## Information shown
'''
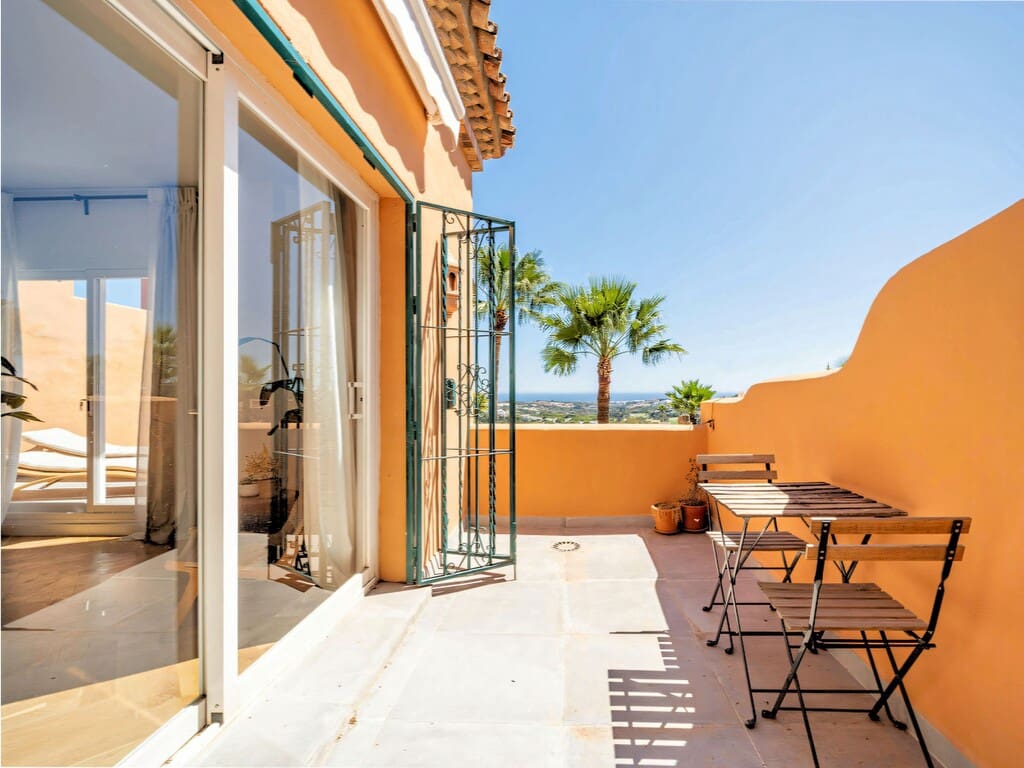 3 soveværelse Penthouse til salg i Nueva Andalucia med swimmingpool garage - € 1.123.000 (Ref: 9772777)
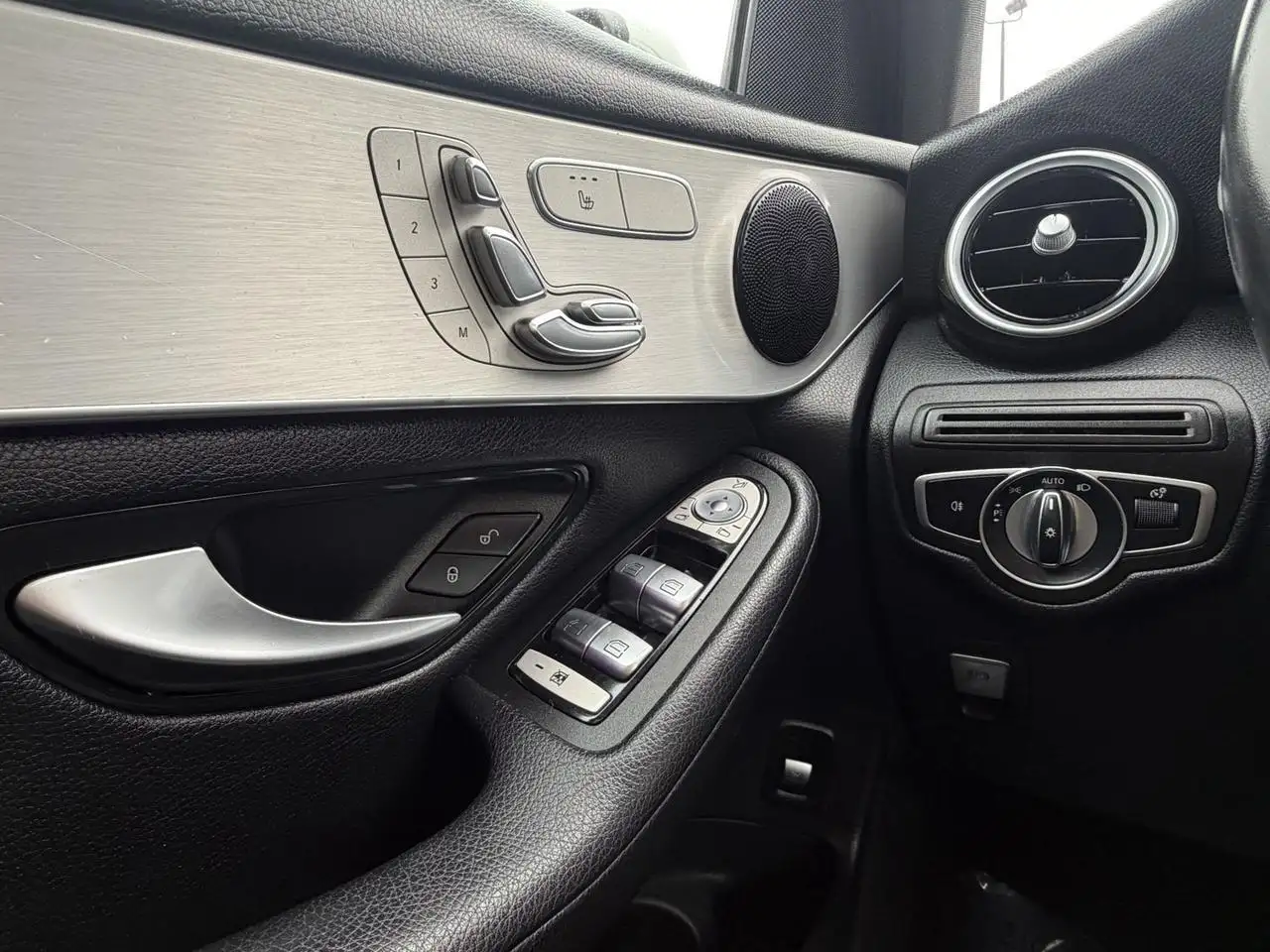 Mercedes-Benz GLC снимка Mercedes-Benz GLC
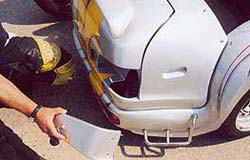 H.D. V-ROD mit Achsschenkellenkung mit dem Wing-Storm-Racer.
'''
Every line above should be transcribed exactly, though no image should be carried over.

 3 soveværelse Penthouse til salg i Nueva Andalucia med swimmingpool garage - € 1.123.000 (Ref: 9772777)
 Mercedes-Benz GLC снимка Mercedes-Benz GLC
 H.D. V-ROD mit Achsschenkellenkung mit dem Wing-Storm-Racer.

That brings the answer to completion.